“Multiculturalism,” writes Claremont Institute board chairman Thomas Klingenstein, “conceives of society as a collection of cultural identity groups, each with its own worldview, all oppressed by white males, collectively existing within permeable national boundaries. Multiculturalism replaces American citizens with so-called ‘global citizens.’ It carves ‘tribes’ out of a society whose most extraordinary success has been their assimilation into one people. It makes education a political exercise in the liberation of an increasing number of ‘others,’ and makes American history a collection of stories of white oppression, thereby dismantling our unifying, self-affirming narrative—without which no nation can long survive.”
No longer the faddish doctrine it once appeared to be, safely confined to the faculty lounge, multiculturalism, says Klingenstein, has coercively sought to become America’s new normal. And only in 2016 did a national figure prove capable of blunting its drive. “During the 2016 campaign, Trump exposed multiculturalism as the revolutionary movement it is. He showed us that multiculturalism, like slavery in the 1850s, is an existential threat. Trump exposed this threat by standing up to it and its enforcement arm, political correctness.”

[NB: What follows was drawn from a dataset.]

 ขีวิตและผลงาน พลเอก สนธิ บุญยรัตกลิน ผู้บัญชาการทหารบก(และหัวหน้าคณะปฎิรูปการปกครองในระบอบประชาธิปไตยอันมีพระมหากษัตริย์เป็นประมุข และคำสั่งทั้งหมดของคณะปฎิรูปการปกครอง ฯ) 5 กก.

Norman Podhoretz says Trump is on the right side of the fundamental divide. Conrad Black argues Americans must therefore choose between multiculturalism and Trump’s leadership. Were it not for Trump’s opposition to the multiculturalist temptation on both the Right and the Left, R. R. Reno writes, his candidacy would have failed.
Philosophically, John Marini explains, the multiculturalist movement is a manifestation of mass technology and consumer society. Practical success against it, according to John Fonte, means moving the fight from politics into policy. While David Azerrad lays bare the identity politics playbook, Richard Reinsch emphasizes the cultural imperatives of a restored constitutional morality.